With my phone a little lighter and my cave having made me a bit more regulated, I found another pastime that put a further-wanted rift between home and work life. Alex Guarneschelli, if you’re reading this, I want to thank you. Sunday scaries haunted me a little less because I had a hot, home-cooked, chef-quality main course to feast on and, more importantly, prepare. I found myself tapping into something I loved again. The shopping for ingredients, the prep, the cooking, and the enjoying (not the dishes, because I loathe washing plates and cups, even more so putting them in the dishwasher…too much bending for my already chiropractor-aligned spine). I found a sort of happy place in the kitchen. I could put on music, clean, cut, and chop. I could have one-sided arguments that I would always win, sautee, fry, and sear. It was a vacation that didn’t require a flight. I would open up the cookbook and maybe go to France or Italy. And after a couple of hours, I would sit at my table, plate stylized to the nines, and enjoy a good (no, great) meal with my wife before we would sink into the couch and chain ourselves to our laptops to figure out what Students Will Be Able To do on Monday. Weekends are not for the weak, especially Sundays, where the past week’s promises and put-offs insidiously creep back in. I digress. A meal like this, though, made Sunday a little less about school.

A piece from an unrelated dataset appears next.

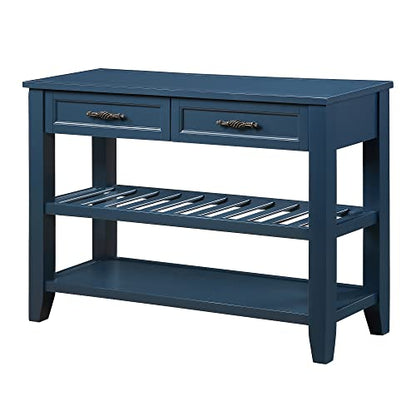 Knocbel Entryway Console Table with 2 Storage Drawers and 2 Lower Shelves, Entrance Hallway Foyer Behind Sofa Couch Table, Easy Assembly (Navy Blue) - color: Navy Blue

A cave is a good thing. The cell service sucks, but that’s alright. At least there on the floor, you can eat in peace with someone that you enjoy spending time with. I found peace in a cave, far from that swamp of papers. It transformed into a place of blissful, healthy ignorance. I do and did my job well. I think, after making some of these changes, I did my job even better because I felt a little more human. I still got stressed. I still sometimes would log-in to that merciless mailbox or break my Sunday supper tradition with a box of low mein and a final project to create. All that I would sometimes still do. “Sometimes” being the key word. There was balance sometimes, not all the time. And it was a good thing.